Increasing the LED current increases the LED forward voltage and the LED power consumption. The LED power consumption is equal to the LED current times the LED forward voltage. Because the TPS880x uses a linear regulating LED driver, the power consumed by the driver and LED is equal to the LED current times the LED supply voltage. In applications where the SNR is too low and power consumption must be minimized, it is optimal to first increase the LED current until a higher LED supply voltage is required, then increase the LED pulse width. At high LED currents, the LED output power per input current and lifespan drops.
The TPS880x LED driver has a propagation delay and rise time that limits the minimum pulse width. It is recommended to use a pulse width longer than 20 microseconds to mitigate propagation delay and rise time variation effects on the signal.
Taking multiple ADC samples is an effective way to improve the SNR. Comparing configurations 3 and 5 in Table 2-1, the SNR is significantly improved by averaging multiple top ADC samples. The number of top ADC samples is displayed as NTOP and the time of the first top ADC sample is tTOP. Faster ADC sample rates allow more samples to be taken at the top of the photo pulse and improve the SNR further. This is demonstrated in configurations 5 and 7. Table 2-1 displays the time between ADC samples as tSAMP.
Higher ADC resolutions improve the SNR to a limit. Figure 4-21 displays the effect of varying the ADC LSB size for a 260 mV amplitude pulse. The SNR drops when the ADC least significant bit (LSB) is greater than 5 mV. In this case, a 10-bit ADC with a 2 V to 3 V full-scale voltage is sufficient for maximizing SNR.

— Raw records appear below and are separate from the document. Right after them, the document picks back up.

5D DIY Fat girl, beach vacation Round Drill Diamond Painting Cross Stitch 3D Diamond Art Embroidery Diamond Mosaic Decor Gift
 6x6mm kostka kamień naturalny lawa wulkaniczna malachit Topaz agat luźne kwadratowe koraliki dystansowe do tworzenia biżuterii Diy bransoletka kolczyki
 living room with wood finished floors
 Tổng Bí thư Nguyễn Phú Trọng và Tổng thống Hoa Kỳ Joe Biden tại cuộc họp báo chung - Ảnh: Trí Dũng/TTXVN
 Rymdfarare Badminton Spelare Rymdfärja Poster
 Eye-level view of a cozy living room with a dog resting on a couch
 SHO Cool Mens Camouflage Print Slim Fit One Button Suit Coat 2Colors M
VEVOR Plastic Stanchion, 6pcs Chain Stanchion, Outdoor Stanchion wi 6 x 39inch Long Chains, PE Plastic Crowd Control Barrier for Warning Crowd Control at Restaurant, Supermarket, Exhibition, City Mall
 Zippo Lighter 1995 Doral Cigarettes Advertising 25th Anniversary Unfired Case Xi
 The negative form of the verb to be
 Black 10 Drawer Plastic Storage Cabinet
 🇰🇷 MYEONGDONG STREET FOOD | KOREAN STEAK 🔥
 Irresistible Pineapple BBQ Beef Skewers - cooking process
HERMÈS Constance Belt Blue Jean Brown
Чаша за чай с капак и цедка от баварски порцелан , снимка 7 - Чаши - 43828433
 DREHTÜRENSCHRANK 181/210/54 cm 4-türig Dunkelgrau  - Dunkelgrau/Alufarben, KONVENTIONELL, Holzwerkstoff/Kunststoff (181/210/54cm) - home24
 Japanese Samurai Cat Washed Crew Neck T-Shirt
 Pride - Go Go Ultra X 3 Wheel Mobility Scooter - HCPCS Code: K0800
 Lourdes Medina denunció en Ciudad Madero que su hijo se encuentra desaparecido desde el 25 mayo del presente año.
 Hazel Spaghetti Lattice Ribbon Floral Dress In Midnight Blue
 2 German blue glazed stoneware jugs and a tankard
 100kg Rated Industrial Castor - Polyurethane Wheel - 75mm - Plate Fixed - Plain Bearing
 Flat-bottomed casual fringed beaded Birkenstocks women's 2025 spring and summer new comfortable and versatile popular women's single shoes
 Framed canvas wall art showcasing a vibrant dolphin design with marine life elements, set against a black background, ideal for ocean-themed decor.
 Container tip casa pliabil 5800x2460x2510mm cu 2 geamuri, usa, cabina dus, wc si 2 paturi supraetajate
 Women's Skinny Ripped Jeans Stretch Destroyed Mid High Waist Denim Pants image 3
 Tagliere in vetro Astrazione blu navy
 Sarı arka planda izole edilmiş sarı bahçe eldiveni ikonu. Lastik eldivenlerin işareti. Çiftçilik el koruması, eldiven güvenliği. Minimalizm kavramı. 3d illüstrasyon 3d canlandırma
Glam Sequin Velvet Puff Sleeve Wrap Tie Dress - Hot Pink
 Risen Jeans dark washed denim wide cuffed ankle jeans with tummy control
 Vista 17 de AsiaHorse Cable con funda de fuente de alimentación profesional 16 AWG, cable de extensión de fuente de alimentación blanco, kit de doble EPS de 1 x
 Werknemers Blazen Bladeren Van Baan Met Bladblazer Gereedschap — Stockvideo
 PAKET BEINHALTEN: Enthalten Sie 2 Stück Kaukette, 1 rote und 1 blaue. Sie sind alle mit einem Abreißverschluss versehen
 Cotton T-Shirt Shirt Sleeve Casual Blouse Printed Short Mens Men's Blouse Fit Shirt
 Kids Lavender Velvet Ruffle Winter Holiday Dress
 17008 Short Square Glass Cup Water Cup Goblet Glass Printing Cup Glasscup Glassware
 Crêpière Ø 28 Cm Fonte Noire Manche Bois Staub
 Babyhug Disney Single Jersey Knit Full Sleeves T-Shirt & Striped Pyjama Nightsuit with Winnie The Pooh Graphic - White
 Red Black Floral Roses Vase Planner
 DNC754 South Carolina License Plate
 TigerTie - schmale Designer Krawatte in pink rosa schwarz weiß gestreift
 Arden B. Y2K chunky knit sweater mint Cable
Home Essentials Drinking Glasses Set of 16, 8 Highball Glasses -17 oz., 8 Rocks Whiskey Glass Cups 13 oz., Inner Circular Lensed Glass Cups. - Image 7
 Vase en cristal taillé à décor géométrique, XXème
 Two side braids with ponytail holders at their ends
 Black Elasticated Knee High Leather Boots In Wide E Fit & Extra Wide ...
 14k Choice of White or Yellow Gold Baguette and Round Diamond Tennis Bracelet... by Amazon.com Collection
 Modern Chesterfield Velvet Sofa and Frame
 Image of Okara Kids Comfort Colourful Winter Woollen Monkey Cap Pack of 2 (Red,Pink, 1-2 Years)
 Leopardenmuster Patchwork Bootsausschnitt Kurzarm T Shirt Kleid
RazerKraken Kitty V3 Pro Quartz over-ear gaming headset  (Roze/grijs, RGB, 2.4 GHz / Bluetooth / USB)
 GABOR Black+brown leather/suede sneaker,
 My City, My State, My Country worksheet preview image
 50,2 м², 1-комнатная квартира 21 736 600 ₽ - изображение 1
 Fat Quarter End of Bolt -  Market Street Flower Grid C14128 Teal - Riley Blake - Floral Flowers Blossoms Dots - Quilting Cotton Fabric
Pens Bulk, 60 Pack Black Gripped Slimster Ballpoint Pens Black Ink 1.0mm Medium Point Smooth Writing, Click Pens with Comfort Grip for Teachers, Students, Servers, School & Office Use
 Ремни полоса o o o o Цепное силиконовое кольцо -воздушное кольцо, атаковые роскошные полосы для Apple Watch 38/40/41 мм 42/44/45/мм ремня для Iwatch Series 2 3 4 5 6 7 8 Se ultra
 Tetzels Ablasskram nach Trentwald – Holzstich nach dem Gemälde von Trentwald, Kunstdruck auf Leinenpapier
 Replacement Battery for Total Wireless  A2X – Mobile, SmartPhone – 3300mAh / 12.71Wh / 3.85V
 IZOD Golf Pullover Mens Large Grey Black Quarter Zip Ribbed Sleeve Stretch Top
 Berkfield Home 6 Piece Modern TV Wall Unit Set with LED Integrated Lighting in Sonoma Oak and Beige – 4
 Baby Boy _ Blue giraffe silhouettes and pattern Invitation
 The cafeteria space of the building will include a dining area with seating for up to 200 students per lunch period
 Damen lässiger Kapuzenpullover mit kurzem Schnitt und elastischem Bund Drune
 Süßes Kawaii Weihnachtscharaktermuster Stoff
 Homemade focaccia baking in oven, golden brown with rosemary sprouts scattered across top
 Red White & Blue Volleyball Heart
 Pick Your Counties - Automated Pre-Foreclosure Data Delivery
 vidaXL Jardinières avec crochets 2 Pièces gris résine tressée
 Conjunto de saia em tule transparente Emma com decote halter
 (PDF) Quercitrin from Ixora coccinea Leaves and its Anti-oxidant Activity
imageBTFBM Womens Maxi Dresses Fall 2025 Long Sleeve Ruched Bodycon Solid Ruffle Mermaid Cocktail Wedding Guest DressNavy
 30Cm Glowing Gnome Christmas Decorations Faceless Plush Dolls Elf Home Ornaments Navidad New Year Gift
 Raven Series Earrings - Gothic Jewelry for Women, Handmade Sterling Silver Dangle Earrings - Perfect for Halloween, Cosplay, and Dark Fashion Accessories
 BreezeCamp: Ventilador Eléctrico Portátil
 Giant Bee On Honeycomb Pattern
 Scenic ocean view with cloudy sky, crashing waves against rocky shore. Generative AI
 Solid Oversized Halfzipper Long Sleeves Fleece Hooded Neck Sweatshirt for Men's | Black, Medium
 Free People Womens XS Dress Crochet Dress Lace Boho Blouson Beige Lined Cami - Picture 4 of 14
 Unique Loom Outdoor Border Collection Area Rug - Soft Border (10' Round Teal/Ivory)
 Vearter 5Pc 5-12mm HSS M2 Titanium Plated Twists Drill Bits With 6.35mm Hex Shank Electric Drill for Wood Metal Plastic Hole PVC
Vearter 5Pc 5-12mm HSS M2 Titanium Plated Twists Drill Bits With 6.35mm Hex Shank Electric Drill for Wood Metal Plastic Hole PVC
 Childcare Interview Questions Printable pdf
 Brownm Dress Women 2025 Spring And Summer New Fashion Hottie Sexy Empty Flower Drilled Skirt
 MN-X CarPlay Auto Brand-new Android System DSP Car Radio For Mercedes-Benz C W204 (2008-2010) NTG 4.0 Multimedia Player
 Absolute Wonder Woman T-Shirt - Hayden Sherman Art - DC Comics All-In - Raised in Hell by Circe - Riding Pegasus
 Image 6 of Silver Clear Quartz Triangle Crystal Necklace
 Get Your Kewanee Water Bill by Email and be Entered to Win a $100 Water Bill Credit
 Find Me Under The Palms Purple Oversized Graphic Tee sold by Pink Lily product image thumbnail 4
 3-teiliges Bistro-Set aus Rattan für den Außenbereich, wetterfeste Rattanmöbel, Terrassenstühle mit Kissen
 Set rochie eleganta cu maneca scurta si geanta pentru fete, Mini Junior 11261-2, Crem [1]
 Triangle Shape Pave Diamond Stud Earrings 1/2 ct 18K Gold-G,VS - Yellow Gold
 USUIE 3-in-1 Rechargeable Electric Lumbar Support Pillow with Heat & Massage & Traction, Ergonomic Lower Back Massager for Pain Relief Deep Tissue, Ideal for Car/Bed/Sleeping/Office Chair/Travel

Taking multiple ADC samples of the signal before the LED is enabled is effective in systems that measure the ambient light level before the LED is enabled. This is displayed as NBASE in Table 2-1. The benefit is shown in Figure 4-20. Because the LED is not enabled for these ADC samples, low power is consumed when taking the multiple ADC samples before the LED is enabled.
If the ADC sample rate is different from the examples in Table 2-1, take samples for the same amount of time as done in Table 2-1. For example, if a 5 µs tSAMP is used with τ1 and τ2 set to 15 µs, take 40 base samples and 16 top samples.
Averaging the multiple ADC samples together is an effective way to process the ADC samples. Using a digital matched filter improves the SNR further. The matched filter weighs each sample by the noiseless DC-removed waveform voltage before averaging the samples together. An example DC-removed waveform and corresponding filter weights are shown in Figure 4-7 and Figure 4-8. The filter weights can be obtained dynamically by averaging measured each DC-removed ADC sample across multiple pulses. While the matched filter is more complex than the averaging filter, it can be used to increase the SNR without affecting power consumption.
It is shown in Figure 4-13 that other digital filters can improve the SNR further. The unconstrained filter has weights optimized for SNR. An example of the unconstrained filter weights is shown in Figure 4-8. The unconstrained filter is included to demonstrate how SNR can be improved beyond matched filtering.
Modeling the photo amplifier system explains why the methods discussed in Section 2 improve the SNR. The model is included here to further the user’s understanding of the system and provide a framework for further optimization.
Calculating the impulse response of the system can be done by modeling the photo input amplifier, photo gain amplifier, and AMUX buffer.